* DATA SHOWN
Segment Open

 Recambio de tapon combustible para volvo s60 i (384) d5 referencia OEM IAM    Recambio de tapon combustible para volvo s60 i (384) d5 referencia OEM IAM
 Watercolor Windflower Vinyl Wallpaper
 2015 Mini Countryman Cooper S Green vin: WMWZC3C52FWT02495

Segment Closed
Segment Open

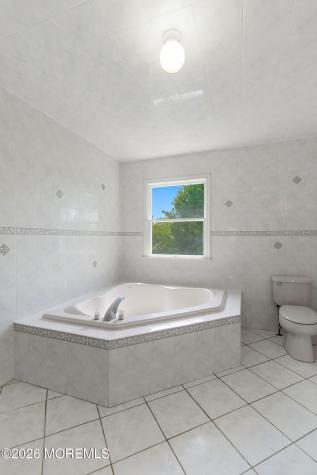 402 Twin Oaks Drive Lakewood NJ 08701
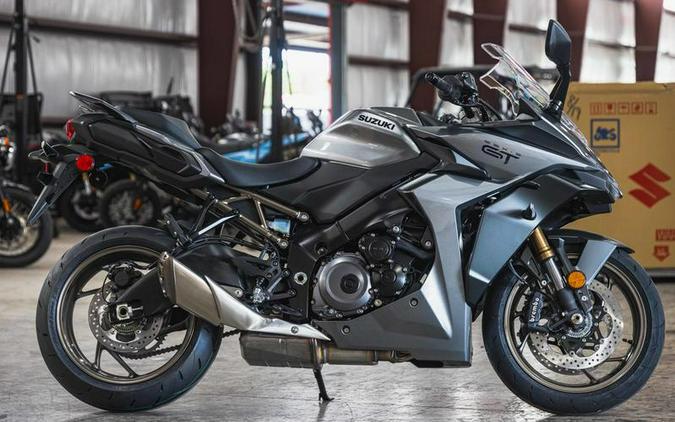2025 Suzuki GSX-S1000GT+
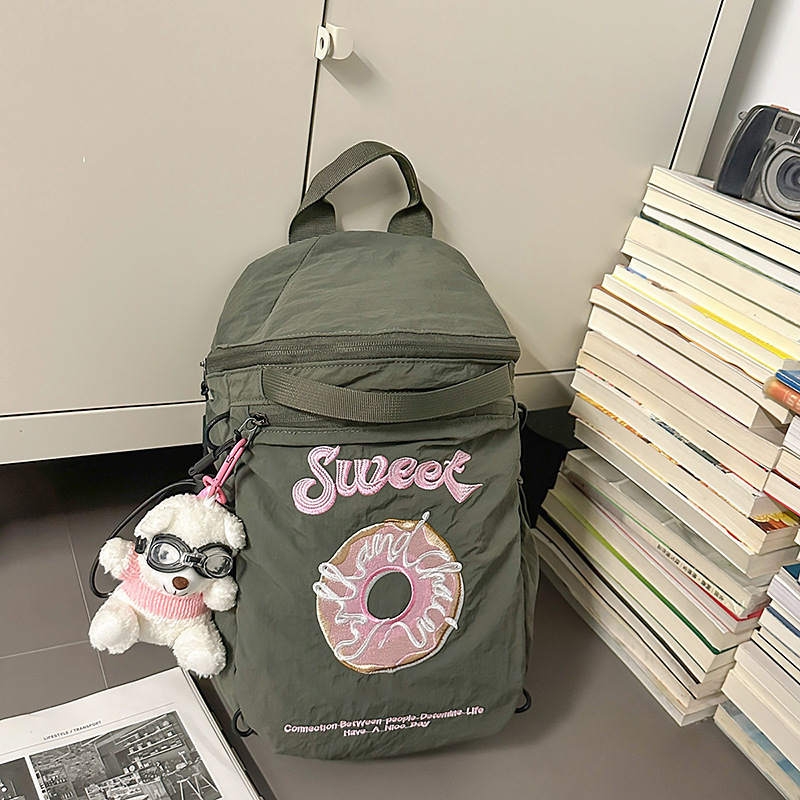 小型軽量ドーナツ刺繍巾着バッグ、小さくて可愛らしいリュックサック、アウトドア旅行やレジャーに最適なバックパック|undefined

Segment Closed

* WHAT IS NEEDED
In the listing above, find the line with "Watercolor Windflower Vinyl Wallpaper" and the line with "2015 Mini Countryman"; set down exactly those two lines and every line between them, nothing more.

* ANSWER SECTION
 Watercolor Windflower Vinyl Wallpaper
 2015 Mini Countryman Cooper S Green vin: WMWZC3C52FWT02495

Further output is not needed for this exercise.